Stored items from a collection
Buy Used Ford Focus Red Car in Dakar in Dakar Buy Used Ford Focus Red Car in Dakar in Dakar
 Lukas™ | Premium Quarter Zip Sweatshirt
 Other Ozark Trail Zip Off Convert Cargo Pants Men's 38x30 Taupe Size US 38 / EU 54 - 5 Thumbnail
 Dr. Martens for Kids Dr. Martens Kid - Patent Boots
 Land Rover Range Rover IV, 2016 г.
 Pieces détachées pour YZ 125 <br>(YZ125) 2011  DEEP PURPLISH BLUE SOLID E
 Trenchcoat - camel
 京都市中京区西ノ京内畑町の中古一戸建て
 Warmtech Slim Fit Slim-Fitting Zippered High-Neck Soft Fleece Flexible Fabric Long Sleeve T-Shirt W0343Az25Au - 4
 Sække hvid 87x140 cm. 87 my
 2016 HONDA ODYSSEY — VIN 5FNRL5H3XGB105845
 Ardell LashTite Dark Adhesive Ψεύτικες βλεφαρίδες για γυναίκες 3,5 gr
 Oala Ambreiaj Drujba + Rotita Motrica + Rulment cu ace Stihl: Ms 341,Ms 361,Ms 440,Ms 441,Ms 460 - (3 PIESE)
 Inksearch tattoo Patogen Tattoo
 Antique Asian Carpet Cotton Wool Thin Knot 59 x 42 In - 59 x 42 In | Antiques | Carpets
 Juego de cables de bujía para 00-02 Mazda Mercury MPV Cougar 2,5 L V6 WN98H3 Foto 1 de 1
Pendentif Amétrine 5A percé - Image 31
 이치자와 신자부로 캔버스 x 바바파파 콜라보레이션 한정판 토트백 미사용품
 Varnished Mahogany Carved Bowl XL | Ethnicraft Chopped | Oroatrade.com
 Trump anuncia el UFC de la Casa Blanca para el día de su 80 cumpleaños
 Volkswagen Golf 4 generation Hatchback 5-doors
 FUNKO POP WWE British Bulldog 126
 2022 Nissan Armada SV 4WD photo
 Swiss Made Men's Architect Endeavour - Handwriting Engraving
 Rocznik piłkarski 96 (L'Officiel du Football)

### Task requirements
Each line above must be output exactly as it stands.

### Response for this exercise
Buy Used Ford Focus Red Car in Dakar in Dakar Buy Used Ford Focus Red Car in Dakar in Dakar
 Lukas™ | Premium Quarter Zip Sweatshirt
 Other Ozark Trail Zip Off Convert Cargo Pants Men's 38x30 Taupe Size US 38 / EU 54 - 5 Thumbnail
 Dr. Martens for Kids Dr. Martens Kid - Patent Boots
 Land Rover Range Rover IV, 2016 г.
 Pieces détachées pour YZ 125 <br>(YZ125) 2011  DEEP PURPLISH BLUE SOLID E
 Trenchcoat - camel
 京都市中京区西ノ京内畑町の中古一戸建て
 Warmtech Slim Fit Slim-Fitting Zippered High-Neck Soft Fleece Flexible Fabric Long Sleeve T-Shirt W0343Az25Au - 4
 Sække hvid 87x140 cm. 87 my
 2016 HONDA ODYSSEY — VIN 5FNRL5H3XGB105845
 Ardell LashTite Dark Adhesive Ψεύτικες βλεφαρίδες για γυναίκες 3,5 gr
 Oala Ambreiaj Drujba + Rotita Motrica + Rulment cu ace Stihl: Ms 341,Ms 361,Ms 440,Ms 441,Ms 460 - (3 PIESE)
 Inksearch tattoo Patogen Tattoo
 Antique Asian Carpet Cotton Wool Thin Knot 59 x 42 In - 59 x 42 In | Antiques | Carpets
 Juego de cables de bujía para 00-02 Mazda Mercury MPV Cougar 2,5 L V6 WN98H3 Foto 1 de 1
Pendentif Amétrine 5A percé - Image 31
 이치자와 신자부로 캔버스 x 바바파파 콜라보레이션 한정판 토트백 미사용품
 Varnished Mahogany Carved Bowl XL | Ethnicraft Chopped | Oroatrade.com
 Trump anuncia el UFC de la Casa Blanca para el día de su 80 cumpleaños
 Volkswagen Golf 4 generation Hatchback 5-doors
 FUNKO POP WWE British Bulldog 126
 2022 Nissan Armada SV 4WD photo
 Swiss Made Men's Architect Endeavour - Handwriting Engraving
 Rocznik piłkarski 96 (L'Officiel du Football)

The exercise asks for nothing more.